Whether you’re published with one of the NY houses, a small press, or self-published, promotion is a necessary evil in the writer’s life. There’s no avoiding it. Writing a great book is only the beginning. Now the real work begins.
Bring up the subject of promotion in a room full of writers and you will get mixed reactions. Some love promotion, and some, well, they’d rather have a root canal. But one thing they’ll all agree on, promotion is a must if you want to stand out in this growing industry. The days of writing the book, then slinking back into your writing cave and working on the next one are over. In order to build readership – to build relationships with your readers – we have to be out there in the online world, interacting and talking.
Believe it or not, this can be very uncomfortable. Most writers, though not all, are introverts. We LIKE our caves; the quiet solitude, the days we never get out of our PJs or put on make-up. Don’t get me wrong, we love interacting with readers, but stepping out of our comfort zones, being the one to start the conversation…*Sarah shivers*
Remember, we surround ourselves with fictional characters – converse with them, laugh with them, even cry with them. We writers are a bit nutty and we know it! Conversing with real live people is terrifying. Worse, WE are the topic of conversation. Talk about being self-conscious!
I don’t know about you, but I have a hard time talking about myself. I can talk about my sons or my husband all day long. I can tell you about my dogs, all of them rescues, and how much they make me laugh. But to tell you about my books, my accomplishments and awards…it always feels a bit like patting myself on the back. And that little voice that pops into my head – the voice that tells me it’s not good to be a braggart – yeah, I could do without that. But let’s face it; unless we learn to promote ourselves, we’re never going to get anywhere. So what’s an author to do?
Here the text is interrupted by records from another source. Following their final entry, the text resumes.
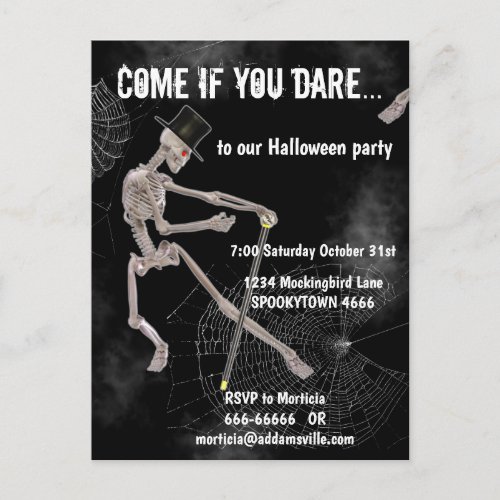 Spooky Dancing Skeleton Halloween Invite
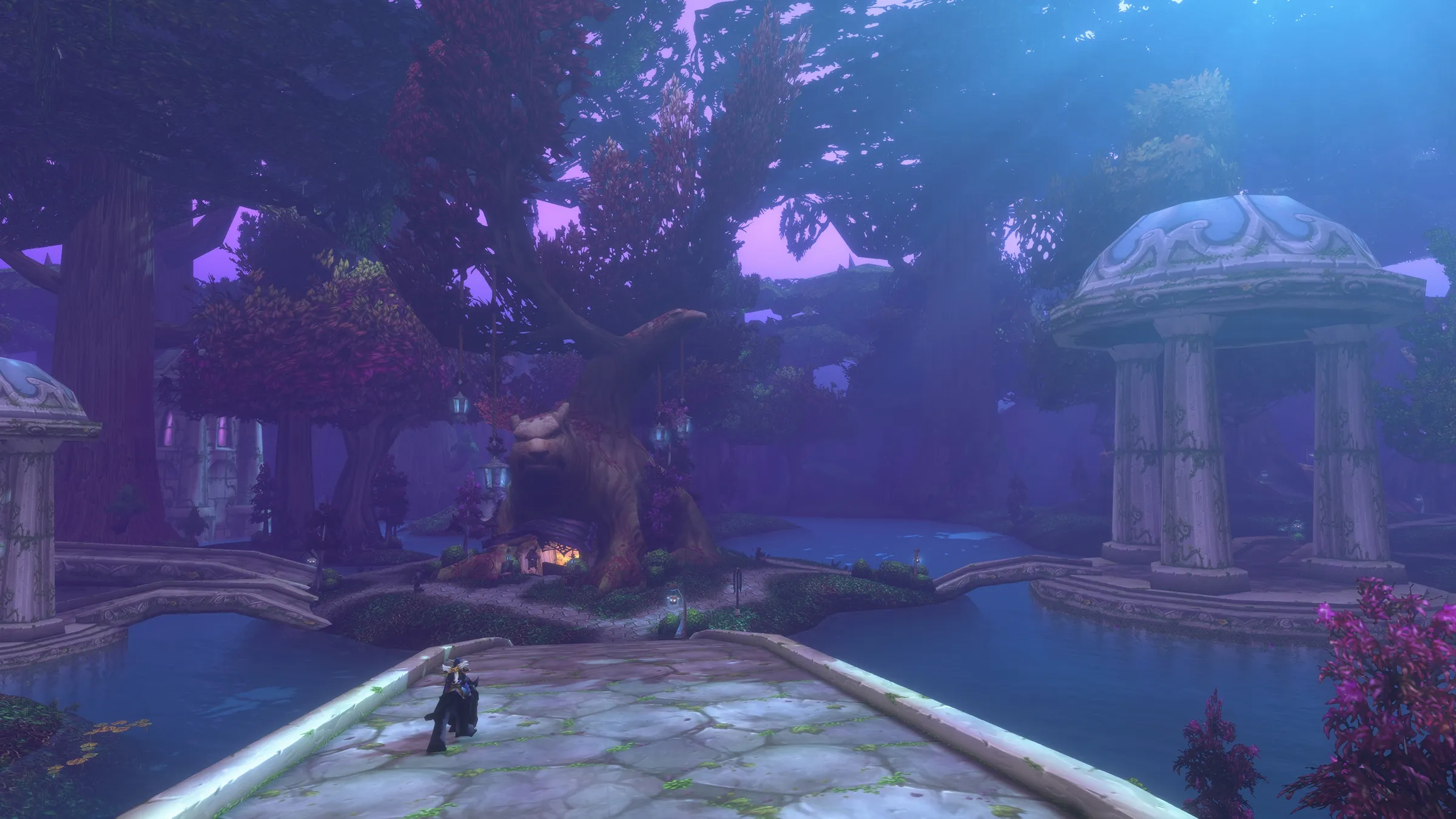 A rider on a bridge before a great tree in a violet grove at dusk, an official screenshot of World of Warcraft: Forever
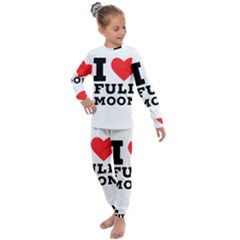 I Love Full Moon Kids  Long Sleeve Set  by ilovewhateva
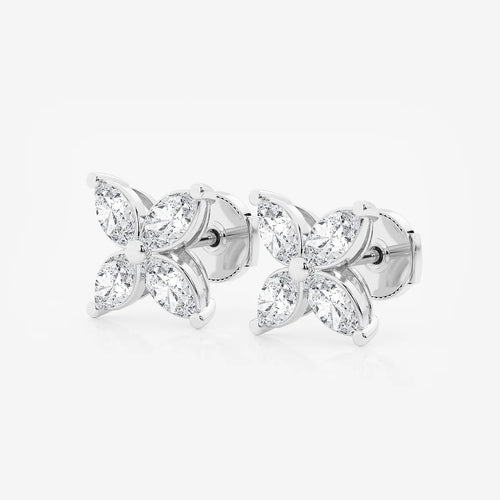 Marquise Lab Grown Diamond Flower Stud Earrings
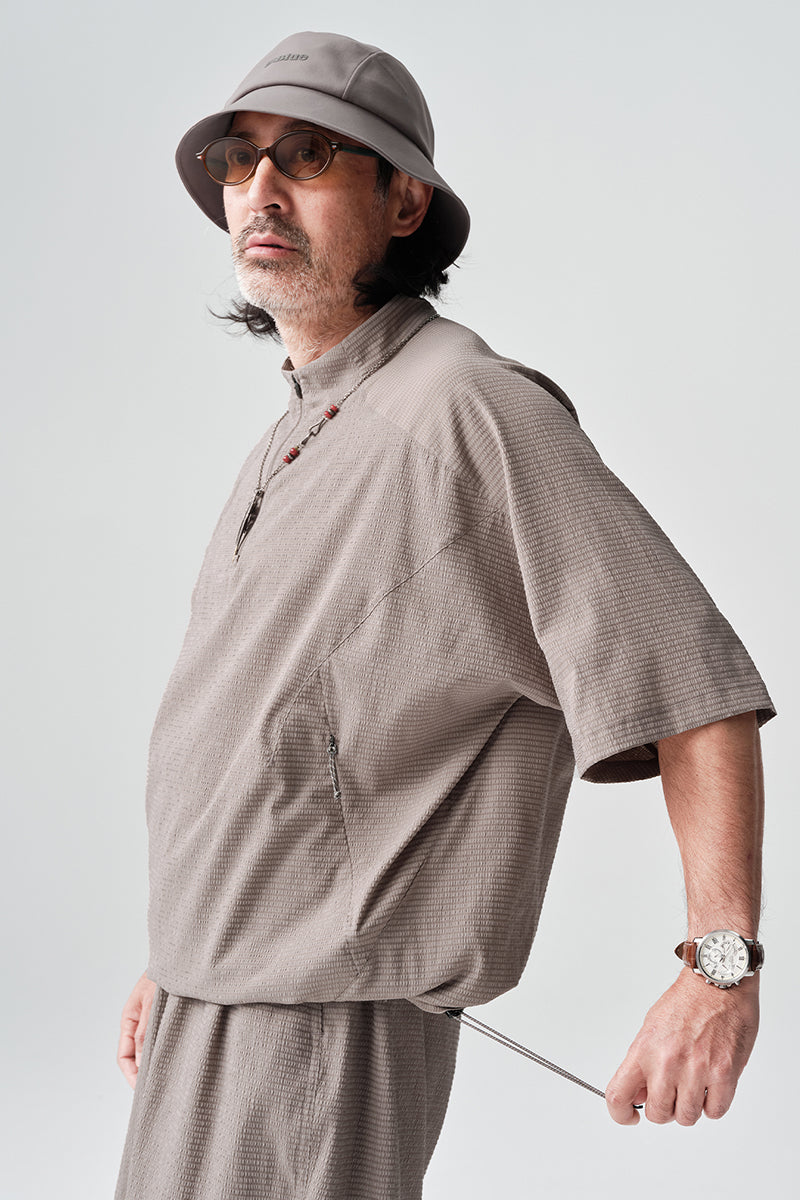 Ripple fabric half-zip short-sleeve T-shirt NLBLDTX013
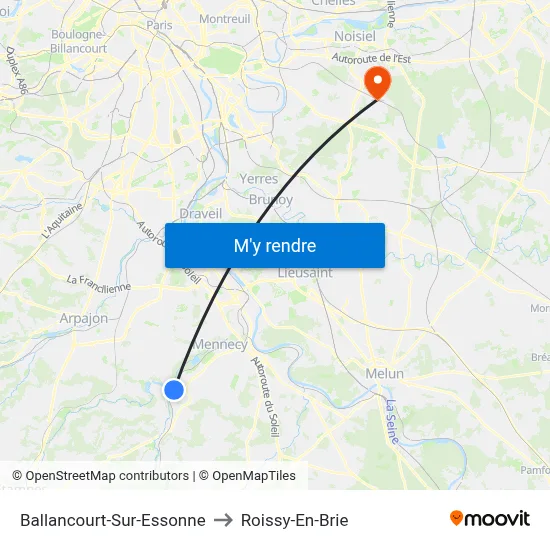 Ballancourt-Sur-Essonne to Roissy-En-Brie map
I’ve asked myself this question more times than I can count. Heck, I’ve probably asked it of other authors even more, but no one seemed to have the answer. Then, I stumbled upon a little gem of advice. And if once wasn’t enough, I ran into the same advice about three times in a two week span. Here it is, paraphrased:
You are not trying to draw attention to yourself, but to your product. You are offering something of value to them – your book. Tell people about it, this product that they may like, if it’s not for them, they can ignore you.
I love this! I may type it up and tape it to my keyboard as it is something I am going to strive to remember. And maybe, just maybe it will make hearing the term ‘promotion’ easier for me to take.
What about you? Do you love promotion or would you rather have a root canal?